Diebold Nixdorf obtains $1.25 billion senior secured superpriority DIP credit facility
Client(s) Diebold Nixdorf, Inc.
Jones Day is representing Diebold Nixdorf, Incorporated (the “Company”), a multinational financial and retail technology company that specializes in the sale, manufacture, installation, and service of self-service transaction systems (such as ATMs and currency processing systems), point-of-sale terminals, physical security products, and software and related services for global financial, retail, and commercial markets, and certain of its domestic and foreign subsidiaries (collectively, the “Debtors”) in (i) a pre-packaged chapter 11 proceeding in front of the U.S. Bankruptcy Court for the Southern District of Texas (the “Bankruptcy Court”), (ii) a scheme of arrangement by Diebold Nixdorf Dutch Holding B.V. (the “Dutch Issuer”) and the related voluntary proceeding in front of the District Court of Amsterdam under the Dutch Act on Confirmation of Extrajudicial Plans (Wet Homologatie Onderhands Akkoord), and (iii) an anticipated proceeding commenced by the Dutch Issuer under chapter 15 in the Bankruptcy Court, seeking recognition of such scheme of arrangement. As part of the chapter 11 cases, Jones Day represented the Company, in its capacity as borrower, and the other Debtors, in their capacities as guarantors, on a $1.25 billion senior secured superpriority debtor-in-possession term loan credit facility (the “DIP Facility”).
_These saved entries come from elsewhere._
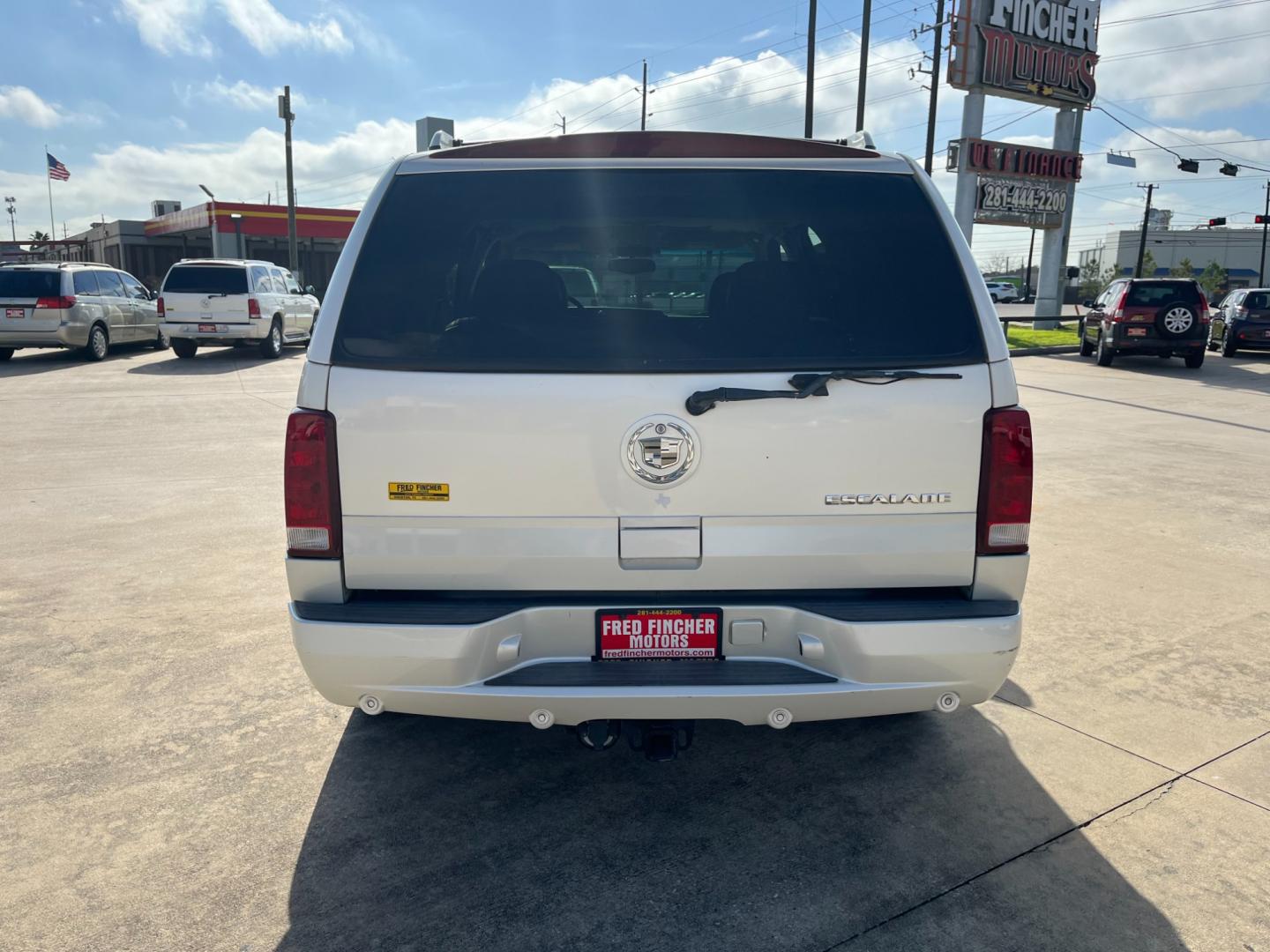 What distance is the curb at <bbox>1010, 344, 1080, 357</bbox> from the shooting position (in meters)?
25.7

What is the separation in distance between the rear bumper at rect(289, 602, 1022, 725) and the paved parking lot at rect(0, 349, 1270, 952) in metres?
0.51

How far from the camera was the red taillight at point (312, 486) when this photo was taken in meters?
2.84

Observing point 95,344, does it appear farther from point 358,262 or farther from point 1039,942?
point 1039,942

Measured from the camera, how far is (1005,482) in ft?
9.56

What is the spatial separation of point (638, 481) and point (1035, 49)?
3019 cm

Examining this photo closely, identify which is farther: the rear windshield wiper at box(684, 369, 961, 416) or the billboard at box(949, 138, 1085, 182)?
the billboard at box(949, 138, 1085, 182)

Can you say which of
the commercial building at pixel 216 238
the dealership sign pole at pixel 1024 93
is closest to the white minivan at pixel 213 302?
the dealership sign pole at pixel 1024 93

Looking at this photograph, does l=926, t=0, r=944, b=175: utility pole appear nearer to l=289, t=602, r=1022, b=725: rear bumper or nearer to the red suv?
the red suv

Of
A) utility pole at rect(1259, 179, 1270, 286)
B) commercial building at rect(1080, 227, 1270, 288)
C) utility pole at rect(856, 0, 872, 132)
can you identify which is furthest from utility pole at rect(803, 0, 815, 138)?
commercial building at rect(1080, 227, 1270, 288)

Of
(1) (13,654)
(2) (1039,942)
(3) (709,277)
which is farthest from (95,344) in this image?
(2) (1039,942)

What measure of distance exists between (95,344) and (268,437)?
427 inches

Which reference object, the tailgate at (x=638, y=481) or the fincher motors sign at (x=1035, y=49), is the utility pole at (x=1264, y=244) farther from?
the tailgate at (x=638, y=481)

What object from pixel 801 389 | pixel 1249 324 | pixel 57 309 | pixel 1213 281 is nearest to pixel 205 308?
pixel 57 309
The proceeds of the DIP facility will be used to (i) repay in full all obligations under the Company's superpriority credit facility; (ii) repay in full (or cash collateralize issued letters of credit) the Company's asset-based revolving credit ABL facility; (iii) pay costs, fees and expenses related to the court-supervised restructuring proceedings; and (iv) fund the working capital needs and expenditures of the Debtors and their non-debtor affiliates during the pendency of the court supervised restructuring proceedings.